TASK MATERIAL ->
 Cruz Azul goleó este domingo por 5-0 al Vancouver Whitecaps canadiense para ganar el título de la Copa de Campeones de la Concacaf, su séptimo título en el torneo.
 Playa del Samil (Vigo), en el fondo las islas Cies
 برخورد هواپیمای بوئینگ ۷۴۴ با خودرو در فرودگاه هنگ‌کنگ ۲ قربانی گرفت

--

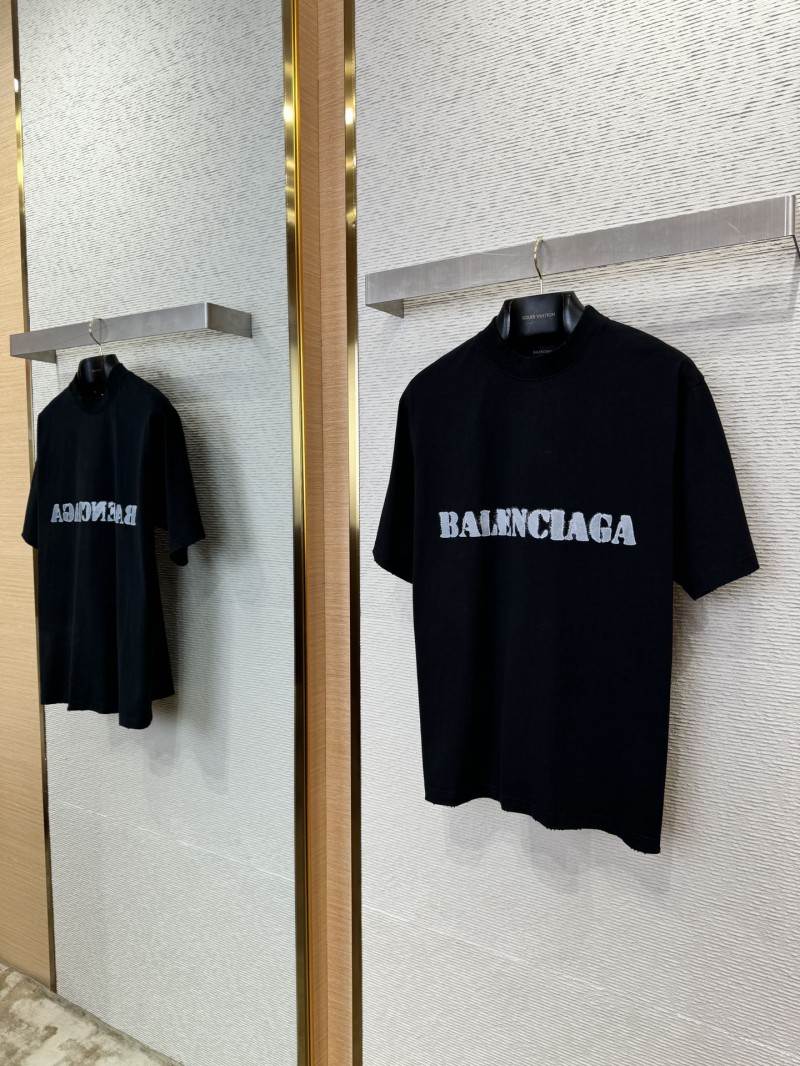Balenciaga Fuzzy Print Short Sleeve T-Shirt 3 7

BRIEF ->
Write down exactly the span of lines above from the one containing "Cruz Azul goleó" to the one containing "برخورد هواپیمای بوئینگ", both ends included.

YOUR SOLUTION ->
 Cruz Azul goleó este domingo por 5-0 al Vancouver Whitecaps canadiense para ganar el título de la Copa de Campeones de la Concacaf, su séptimo título en el torneo.
 Playa del Samil (Vigo), en el fondo las islas Cies
 برخورد هواپیمای بوئینگ ۷۴۴ با خودرو در فرودگاه هنگ‌کنگ ۲ قربانی گرفت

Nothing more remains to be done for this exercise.